In answering questions on sound, the speaker again expounds what he and his co-workers had to say a few months ago in the official statement issued by them.
“Every fact optically perceived has its corresponding value in sound. As far as I know, only the Japanese Kabouki Theatre has employed sound-sight in this way. For example, while an actor is seen committing hari-kari on the stage, the tearing of silk is heard offstage. The Mickey Mouse sound cartoons have also come very close to this method. It is the only justification for sound in the movies. The present usage which establishes a naturalistic coincidence of image and sound is nonsense.”
Eisenstein believes that in the near future the black-and-white film will disappear to be replaced by the colour film, of which, he says, he has seen some fine examples.
“There will remain only a few isolated enthusiasts who will crusade against the colour film in the name of the black-and-white principle.”
He further emphasizes that none of the recent discoveries in the cinema, (colour, stereoscopy, wide film, etc.) will create revolutionary changes. He understands, above all, the commercial significance of all these innovations.
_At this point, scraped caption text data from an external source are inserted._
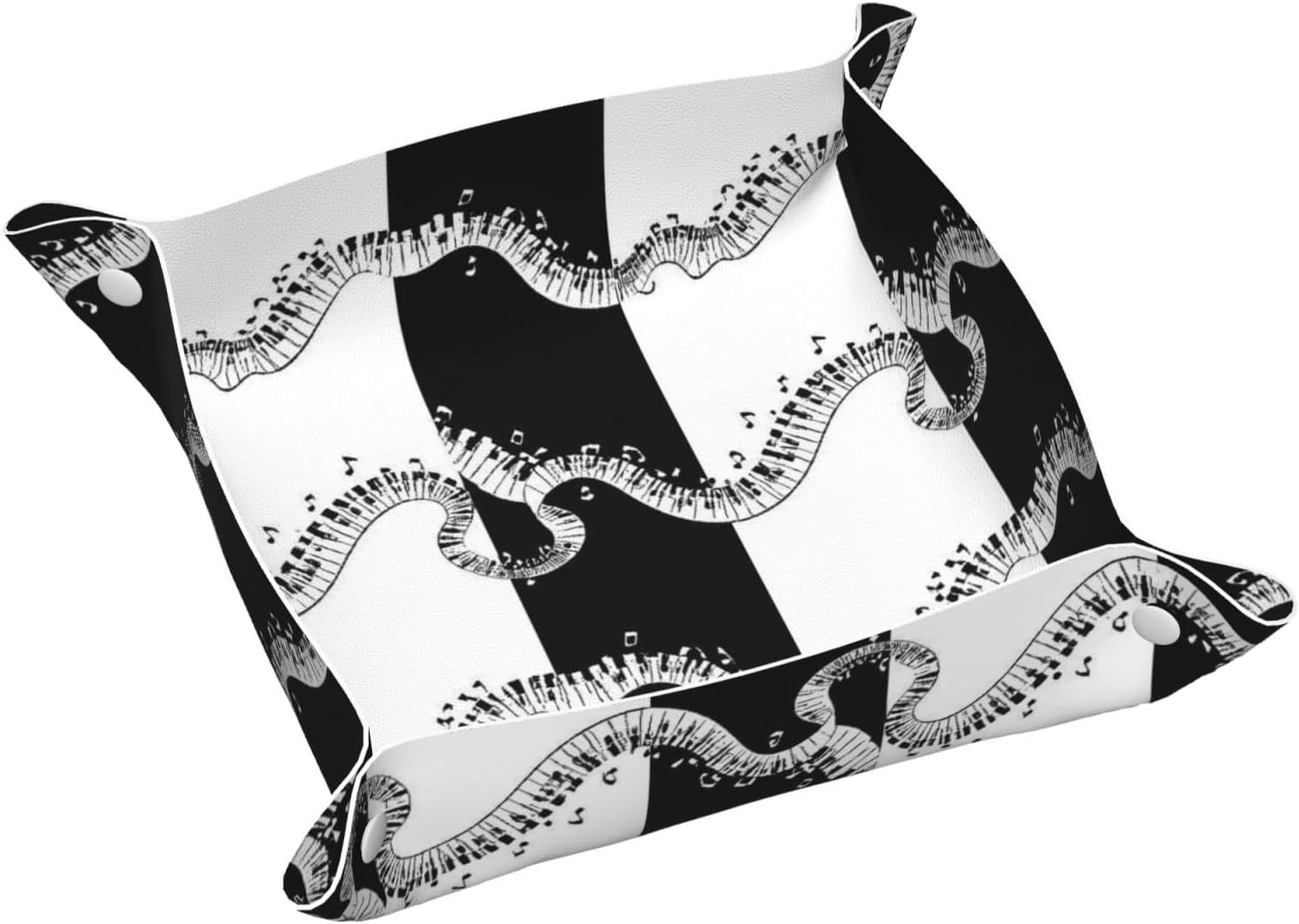 Piano Music Notes Black and White Leather Storage Tray Medium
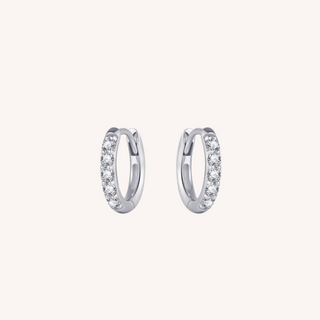 Gisser Silver Sparkling Small Hoop Earrings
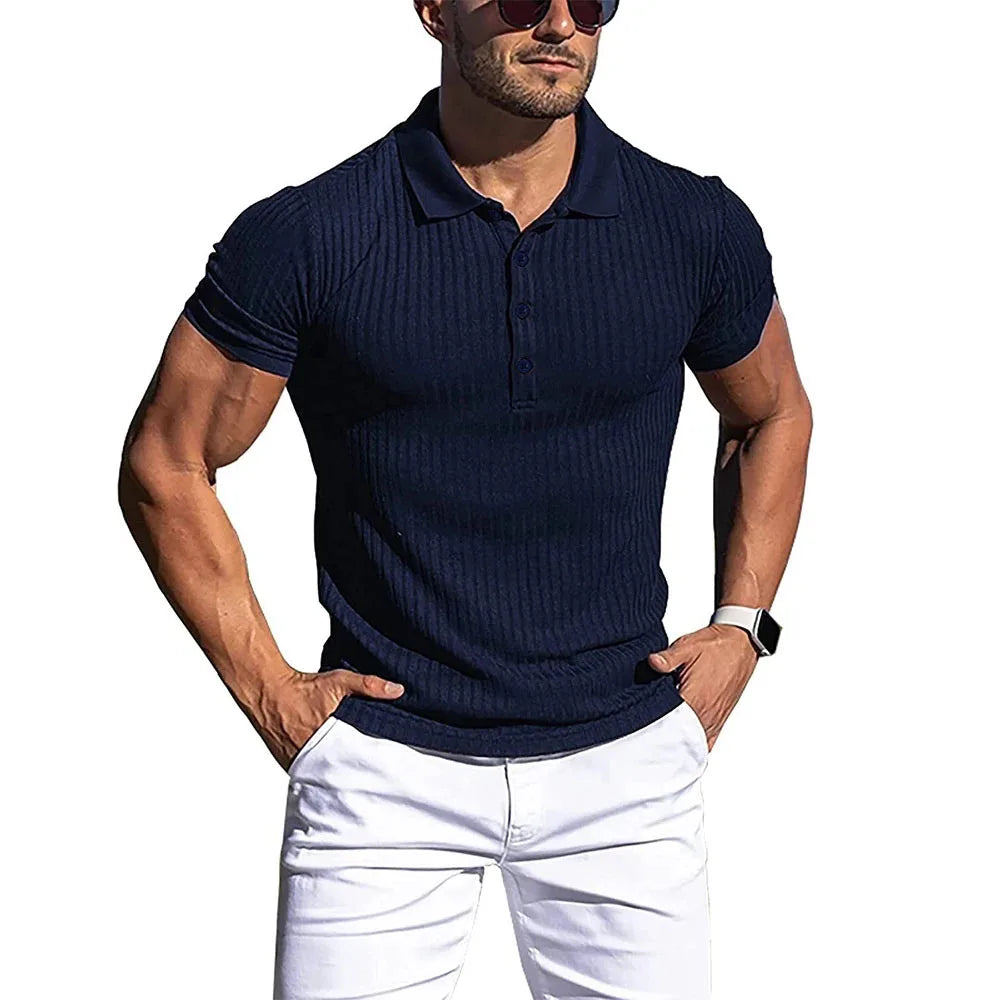 Neue Sommer Polo Männer Solide Streifen Fitness Elastizität Kurzarm Polo Shirts für Männer Mode Stehen Kragen Herren Shirts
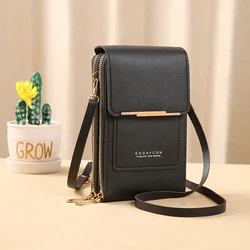 Women's Soft Leather Touch Screen Crossbody Shoulder Bag and Wallet (Black)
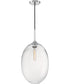 12"W Aria 1-Light Pendant Polished Nickel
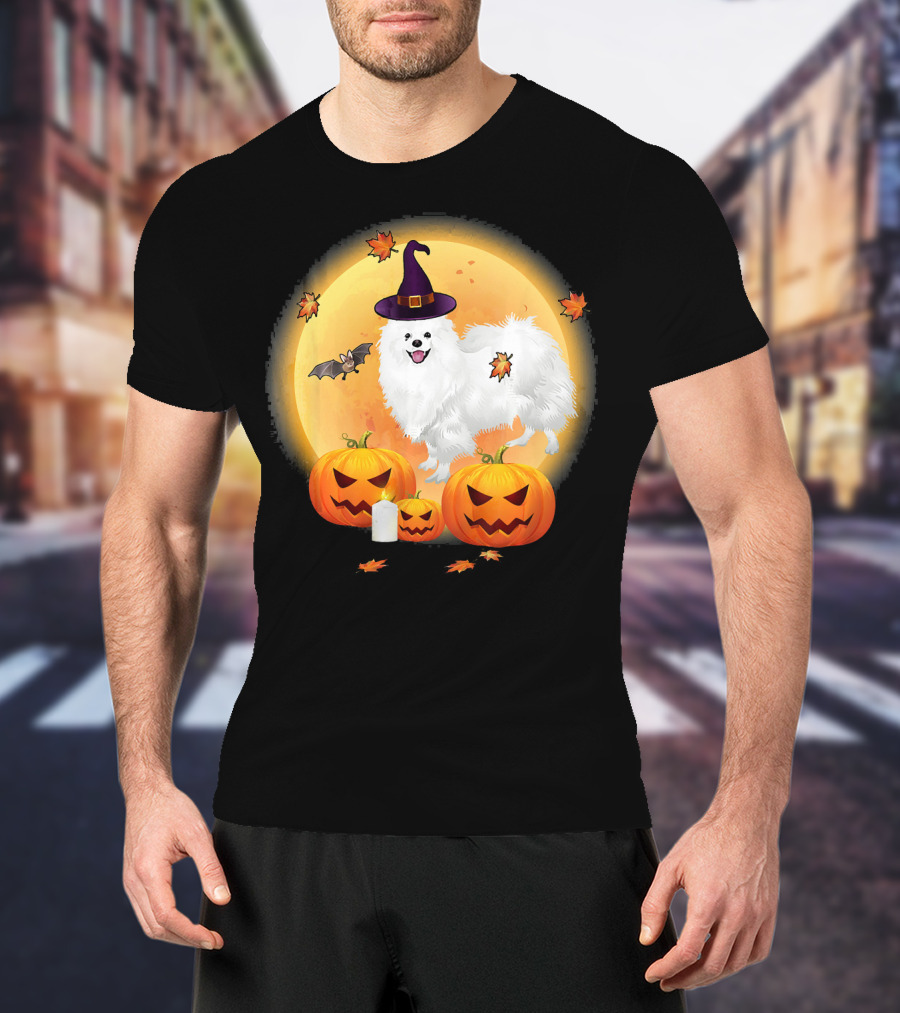 Halloween American Eskimo Dog With Pumpkins And Witch Hat T-Shirt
And so Eisenstein leaves us amidst a tremendous acclaim.

We have not seen THE GENERAL LINE, but two hours in presence of its genial creator have been ample compensation to us.

The greatest movie director in the Soviet Union is at present working in the Tobis Sound Studios at Epinay, near Paris, where he is experimenting with a German sound system. This in the midst of a conspiracy of silence on the part of the French movie press and an active boycott by the official cinema circles of Paris.

Out of over two hundred people present at a dinner tendered in honour of Eisenstein and his assistants by the Friends of the Soviet Union, not a single soul from the French movie world was present.

I cannot help agreeing with Leon Moussinac on this matter:

“Jealousy and envy are one of the forms of the petty-bourgeois mind. Cowardice is a form of decadence.”